- Your instructions
Please repeat the records beneath this task exactly as they appear, but skip the images.

Captioned web images
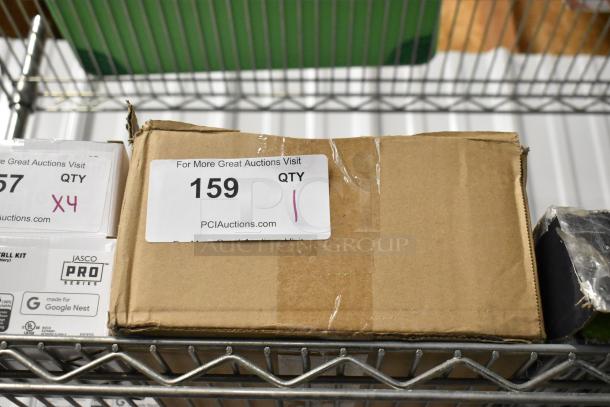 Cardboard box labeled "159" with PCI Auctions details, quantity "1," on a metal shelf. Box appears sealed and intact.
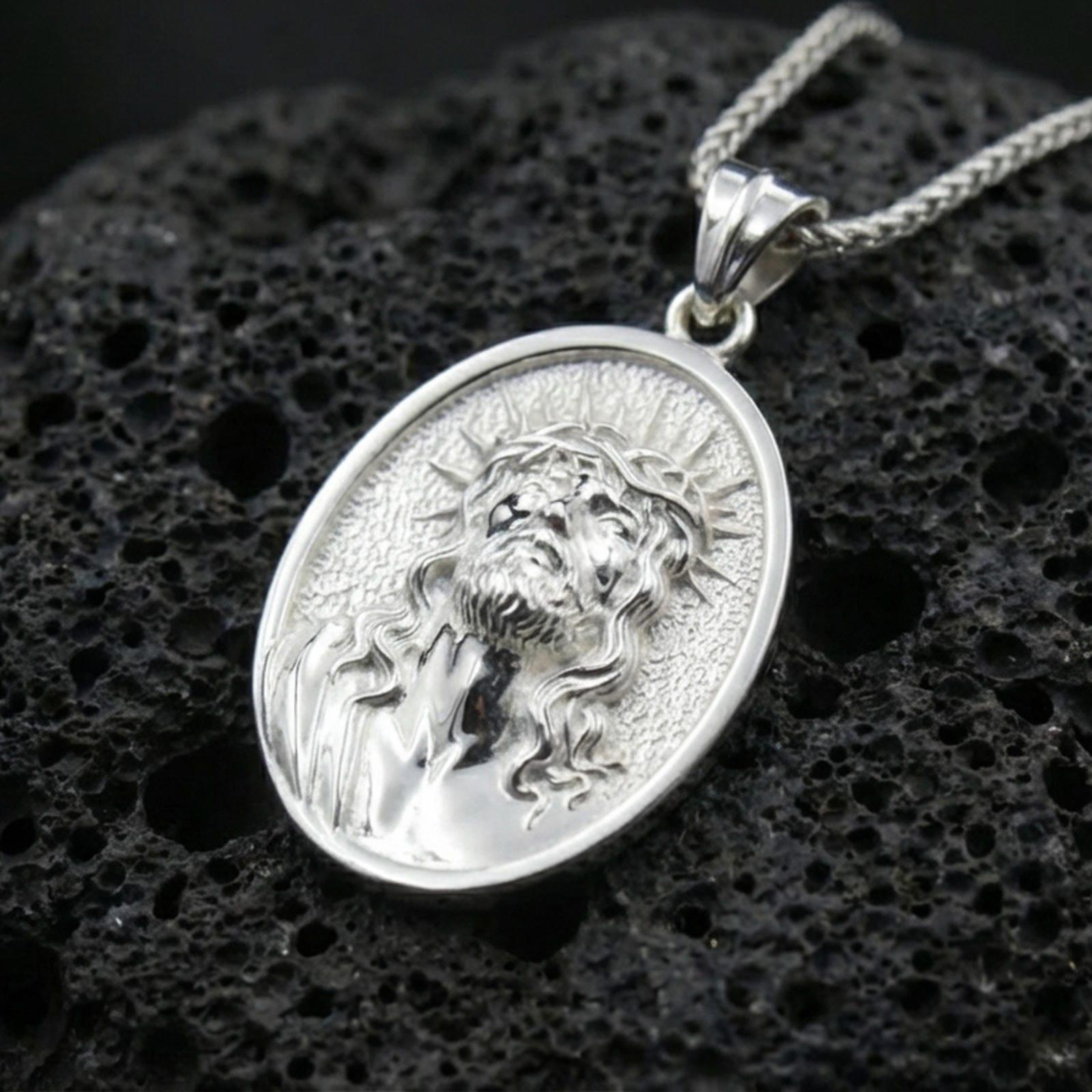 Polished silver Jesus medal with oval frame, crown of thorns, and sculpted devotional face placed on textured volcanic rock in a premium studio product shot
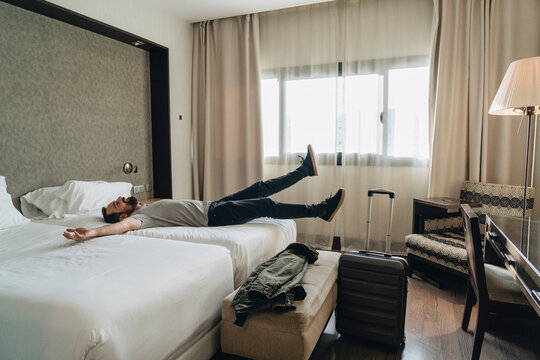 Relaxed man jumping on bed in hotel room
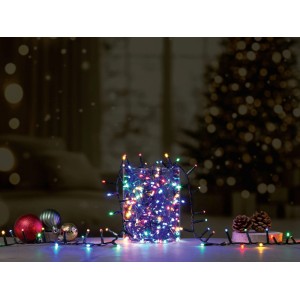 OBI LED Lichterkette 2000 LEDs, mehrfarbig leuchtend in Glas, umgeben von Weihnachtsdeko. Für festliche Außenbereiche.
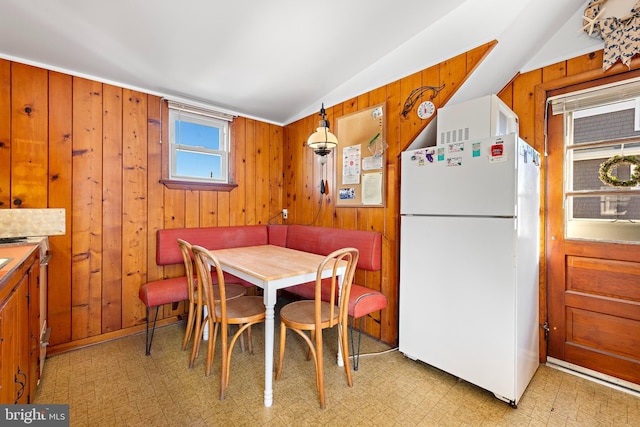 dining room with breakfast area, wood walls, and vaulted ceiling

- Solution for this task
 Cardboard box labeled "159" with PCI Auctions details, quantity "1," on a metal shelf. Box appears sealed and intact.
 Polished silver Jesus medal with oval frame, crown of thorns, and sculpted devotional face placed on textured volcanic rock in a premium studio product shot
 Relaxed man jumping on bed in hotel room
 OBI LED Lichterkette 2000 LEDs, mehrfarbig leuchtend in Glas, umgeben von Weihnachtsdeko. Für festliche Außenbereiche.
 dining room with breakfast area, wood walls, and vaulted ceiling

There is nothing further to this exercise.